On Aug. 28, leaders from across the nation will arrive in Washington to commemorate the 50th anniversary of the 1963 March on Washington for Jobs and Freedom. Though this historic demonstration symbolizes the triumphs of the Civil Rights Movement, recent events — notably the verdict of State of Florida v. George Zimmerman — reveal that the American struggle against racism and discrimination is far from over.
For many people of color in the United States, we will always remember exactly where we were the night George Zimmerman’s acquittal was announced. We will also remember how it felt to experience the profound disappointment that a black life could be swiftly taken, while a known killer walks free.
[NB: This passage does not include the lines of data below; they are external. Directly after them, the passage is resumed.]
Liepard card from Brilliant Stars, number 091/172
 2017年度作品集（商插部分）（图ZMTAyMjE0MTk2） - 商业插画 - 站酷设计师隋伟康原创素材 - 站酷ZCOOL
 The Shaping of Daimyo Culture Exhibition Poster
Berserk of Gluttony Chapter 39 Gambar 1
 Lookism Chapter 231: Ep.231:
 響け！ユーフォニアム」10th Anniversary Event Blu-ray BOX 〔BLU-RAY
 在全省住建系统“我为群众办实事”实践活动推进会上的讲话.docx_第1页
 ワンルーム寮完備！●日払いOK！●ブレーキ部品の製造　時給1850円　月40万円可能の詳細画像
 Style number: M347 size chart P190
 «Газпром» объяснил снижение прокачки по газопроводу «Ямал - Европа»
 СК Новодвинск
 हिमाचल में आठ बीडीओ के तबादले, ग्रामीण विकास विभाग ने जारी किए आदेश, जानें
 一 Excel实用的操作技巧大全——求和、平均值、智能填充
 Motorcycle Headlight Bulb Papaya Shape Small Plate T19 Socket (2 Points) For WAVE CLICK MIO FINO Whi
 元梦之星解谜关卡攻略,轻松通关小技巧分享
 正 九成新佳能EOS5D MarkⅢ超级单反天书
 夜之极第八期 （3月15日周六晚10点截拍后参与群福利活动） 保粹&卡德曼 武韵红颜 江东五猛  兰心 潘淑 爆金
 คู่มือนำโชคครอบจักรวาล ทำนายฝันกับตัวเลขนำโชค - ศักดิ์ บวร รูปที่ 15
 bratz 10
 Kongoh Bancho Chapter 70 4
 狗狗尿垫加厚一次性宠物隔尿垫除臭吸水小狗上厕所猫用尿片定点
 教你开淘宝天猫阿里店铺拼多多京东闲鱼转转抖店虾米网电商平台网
I was at home, in Boston, working on my dissertation when I received the news alert on my smartphone. As I read this anachronistic storyline on my piece of 21st-century technology, I felt a visceral and heavy sense of disappointment for the Martin family, our legal system and the future of this country. I also experienced a fresh dose of fear for all of our brothers, sons, nephews and fathers who happen to have skin of a darker hue.
On July 13, the night of the verdict, my brother, a young black man, was working an evening shift at his job as a server in a popular restaurant in an upper middle class suburb in Broward County. As the broadcast of the jury’s decision approached, many guests at the restaurant requested to be seated closer to the television. When the decision finally arrived, and the not-guilty verdict was read, most of the white patrons at the tables my brother served broke into applause.
Later that night, when my brother recounted this to me, I was heartbroken. It hurt to imagine my brother in that bustling restaurant milieu, having to both hold in his shock and disappointment at the verdict, while also struggling to make sense of his patrons’ reactions. It hurt to imagine him juggling the task of performing his job with dignity and dealing with the apparent reality that a young black man’s death was a cause for celebration for some. It was perhaps most painful to imagine that my brother may have felt that his own life was also dispensable in the eyes of the guests whose dinner and drinks he served.
My heart sank again on the night of Tuesday, July 23, when my brother told me about another incident in our neighborhood. He was out with work colleagues at a local bar when another patron at the bar insulted him in the midst of what started as a friendly conversation. The man called him “Trayvon,” and followed him around the bar, laughing. To make matters worse, the man was known to be an undercover cop.
My brother was shaken up. He felt powerless. But rather than allow the situation to escalate, he walked away from the obviously intoxicated man, and eventually reported him to the bar management.
Although he recounted this to me by text message as it was happening, I, too, felt powerless. I was also overcome with a profound fear for my brother’s safety.
After all, Trayvon Martin is, tragically, no longer with us. Because of the circumstances of his death, one can infer that any stranger calling a young black man “Trayvon” in this climate is, in effect, threatening his life (not to mention, implying that he could get way with the murder). The fact that this racially coded threat came from a member of law enforcement was even more jarring and frightening.
Now, I recognize that many Americans see no relevance for race to be featured in discussions of the Zimmerman trial. But certainly, to the officer who harassed my brother that night, the racial connection was plain as day. If it wasn’t, what would provoke him to call my brother — who he does not know and who bears no resemblance to Martin beyond the color of his skin — “Trayvon”? The fact that a young person’s murder is being used as a new brand of racial slur confirms Martin Luther King Jr.’s cautious prediction that “Nineteen sixty-three is not an end, but a beginning.”
Fifty years after the March on Washington, people of color still seek assurances that our lives are not dispensable in the eyes of neighbors, or the justice system. We need to know that the old Jim Crow-era practice of violence and intimidation directed at blacks and committed with impunity is not here to stay, and that justice and protection for individuals of all races will ultimately prevail.
Alecia McGregor, born and raised in Florida, is a Ph.D. candidate in Health Policy at Harvard University.